Stocks fell on Friday, overshadowing any upbeat feelings about major indexes turning in weekly gains and breaking a three-week losing streak.

The Dow Jones industrial average closed at 12,454.83, down 74.92 points or 0.6 per cent. The broader S&P 500 closed at 1317.82, down 2.86 points or 0.2 per cent. In Canada, the S&P/TSX composite index closed at 11,576.47, up 10.40 points or 0.1 per cent.

For the week, the S&P 500 rose 1.8 per cent and Canada's benchmark index ended 2.6 per cent higher – marking the indexes' first weekly gains following three consecutive stumbles.

Friday delivered with some upbeat economic news in the United States: The University of Michigan's consumer confidence index broke free of expectations and rose to 79.3 – its highest reading since October 2007 and its ninth straight increase.

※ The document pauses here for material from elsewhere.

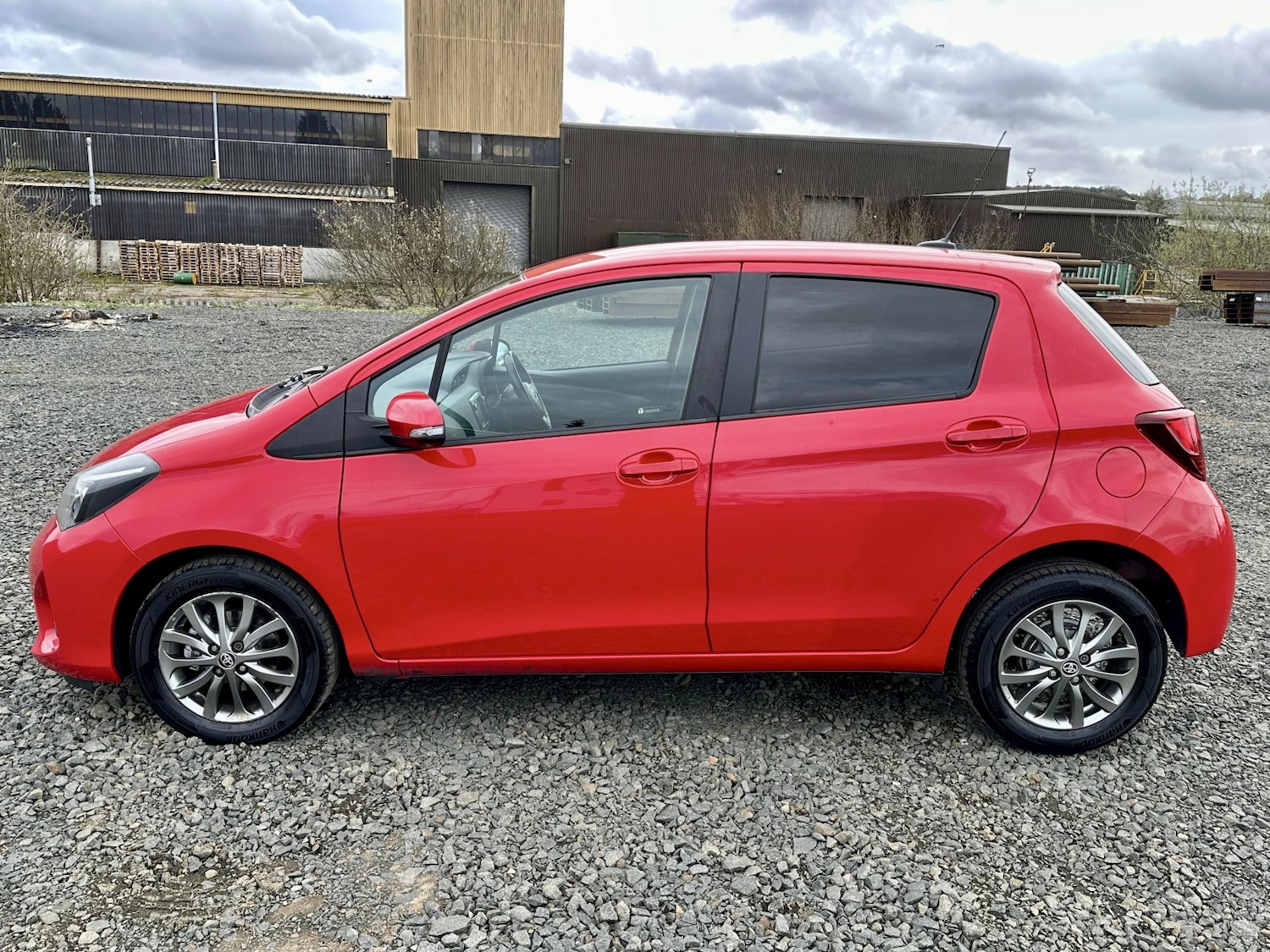 Used Toyota Yaris 2017 for sale - 78219599: Photo 11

Investors, though, were more focused on Europe. There, Spanish regulators suspended trading in Bankia SA, Spain's fourth-largest lender, ahead of what is expected to be a €19-billion bailout by the government as it attempts to steady the country's financial turmoil. At the same time, Standard & Poor's cut its credit ratings on five Spanish banks, including Bankia.

Some European bond yields reflected the rising anxiety in the region – especially in countries where nerves are already frayed over their ability to cut government spending. The yield on Spain's 10-year government bonds rose to 6.27 per cent, up 15 basis points (there are 100 basis points in a percentage point). The yield on Italy's 10-year government bonds rose to 5.64 per cent, up 10 basis points.

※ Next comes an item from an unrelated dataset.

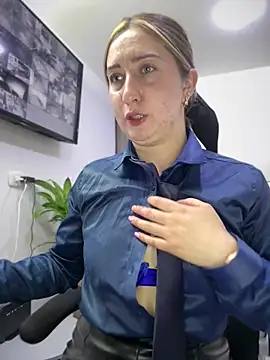 Suzy-111 - 💦SQUIRT LIKE A TSUNAMI😈TICKET🥵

Meanwhile, investors moved into the safety of U.S. government bonds, sending yields down as prices rose. The yield on the 10-year U.S. Treasury bond fell to 1.74 per cent, down 3 basis points.

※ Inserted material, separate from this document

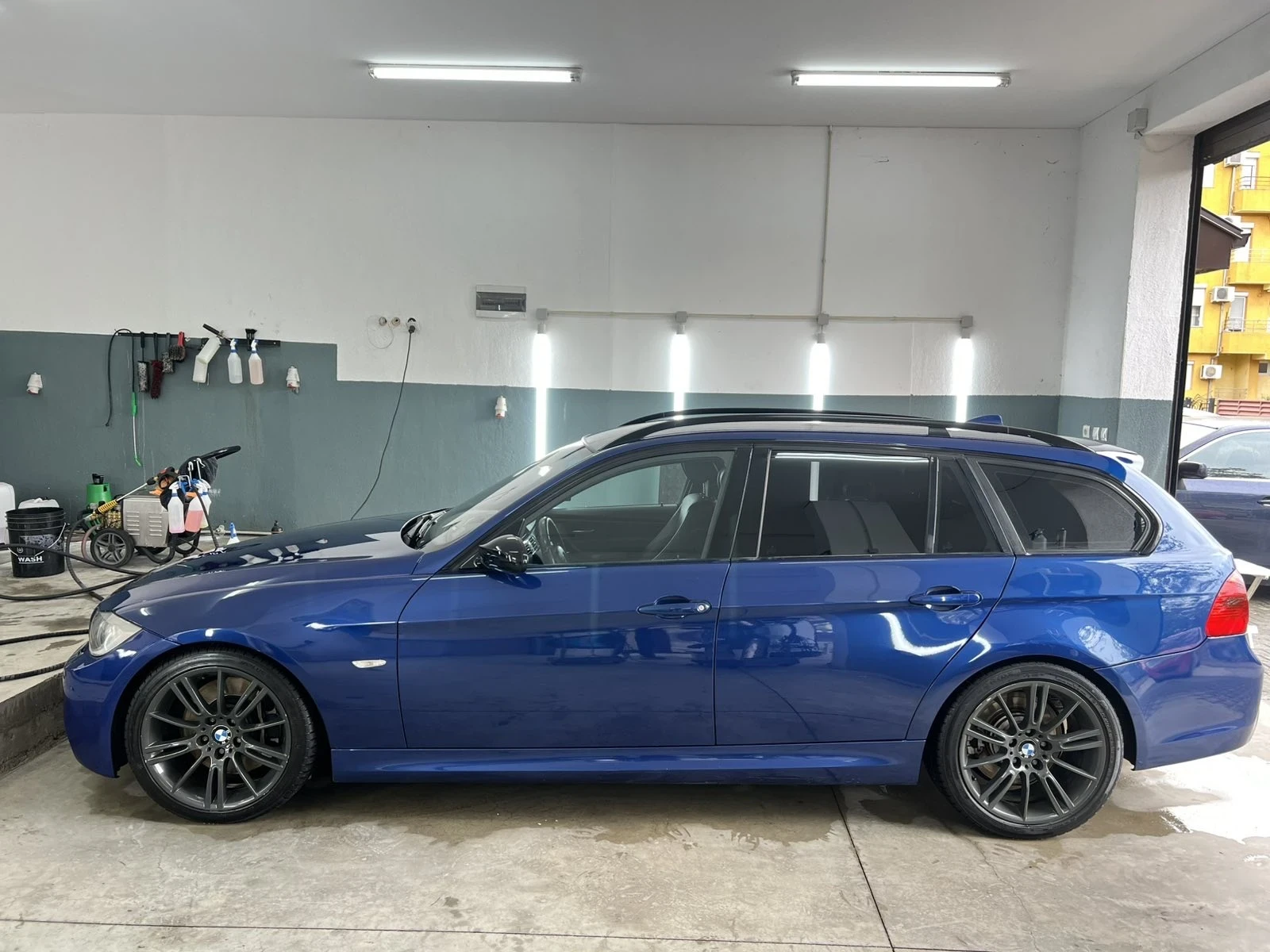 BMW 330, снимка 3 - Автомобили и джипове - 54272930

Garda World Security Corp. rose 10.3 per cent after the Canadian-based security firm reported quarterly earnings of $6.3-billion, or 20 cents a share, up 39 per cent over last year. The gains brought some relief to shareholders who had seen the share price wither by more than 70 per cent from its high in 2006.

Facebook Inc. finished its first full week of trading on another down note, falling 3.4 per cent. The shares have fallen a total of 16 per cent from their initial public offering price of $38 (U.S.) last Friday amid a flood of complaints about the IPO process.